There's a research component and a production component to this project. For simple research purposes, it's enough to just clone the repo, install the dependencies, and fire up a notebook. A production environment that monitors the buy/sell lines, notifies users, stores data, and regenerates charts all on a daily cadence is a slightly different flavor of problem than research.

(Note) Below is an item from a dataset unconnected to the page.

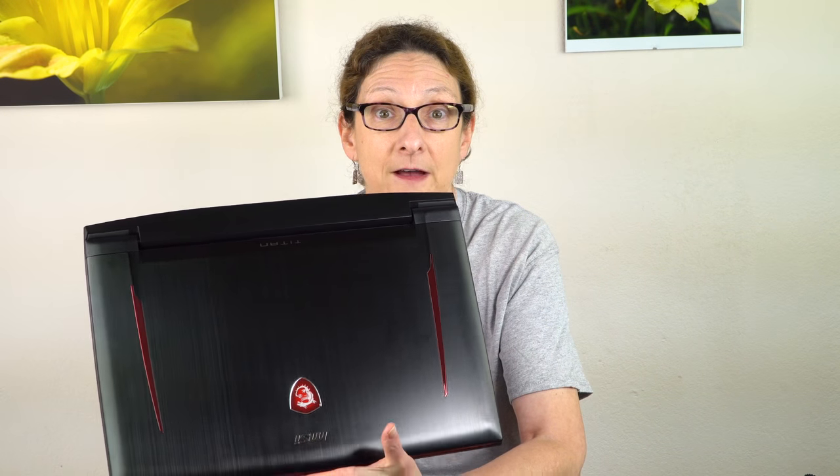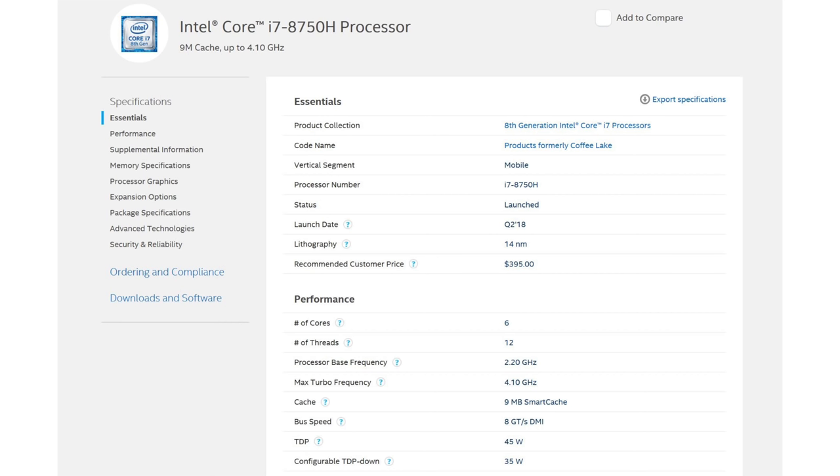The Coffee Lake 45-watt CPUs are what you'll find in generally bigger mobile workstations and gaming laptops — like this MSI Titan right here. They're the most powerful of the mainstream laptop CPUs. At 45 watts, more watts equals more power, and they're moving up to six cores now, so again a nice jump in performance.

Rather than paying for compute & storage, self-hosting was an appealing alternative. For a bespoke self-hosted rig, the following was desirable:

  • "Always-on"
  • Globally accessible
  • Easily reproducible in case of failure
  • Able to serve as both research & production environment
  • Capable of interacting with a database that persists through application lifetimes

Containerization naturally satisfied these requirements. The Dockerfile and docker-compose.yml builds three containers:

  • A MongoDB container to serve as a persistent data store for the tickers of interest
  • A VSCode server to serve as a web-based IDE to support both research & deployment of daily asset monitoring
  • A Tailscale sidecar container to add the VSCode server to my personal tailnet

Breaking down the Dockerfile a bit further, there's some important things to note:

  • A virtual environment is in the container based on the requirements3.txt
  • The Python & Jupyter extensions are installed into the VSCode container
  • Tailscale is installed to expose this container to a user's Tailnet (can also be publicly exposed with Tailscale Funnel)
  • src & research directories are mounted as a volume into the container, meaning that edits across the web-based IDE occur locally (this is one of the major perks of this setup!)
  • Similarly, the mongo-data folder is mapped from the host to /data/db inside the container, ensuring MongoDB's data persists across container restarts
  • Important environment variables are stored in a .env file and ingested at container build time

To build the containers, run docker-compose up and to tear them down, run docker-compose down.

You can view an example deployed setup here.

Areas for Improvement

In no particular order:

  • The code is currently structured to only work with a lookback period, but a custom time range would be useful, especially for backtesting in certain conditions.
  • Some level of automated testing.
  • Typing is very useful, but currently only used in utils.py. It should be added to bollinger_bands.py.
  • Much of the code right now is very strongly tied to the yfinance API, a better approach would be adding a middle layer of abstraction to decouple the business logic from the data provider.
  • There's many types of Bollinger Bands to experiment with and a rigorous meta-analysis evaluating different combinations of the paramemters (lookback, asset classes, time ranges, markets, contrarian strategies) would be an interesting exercise.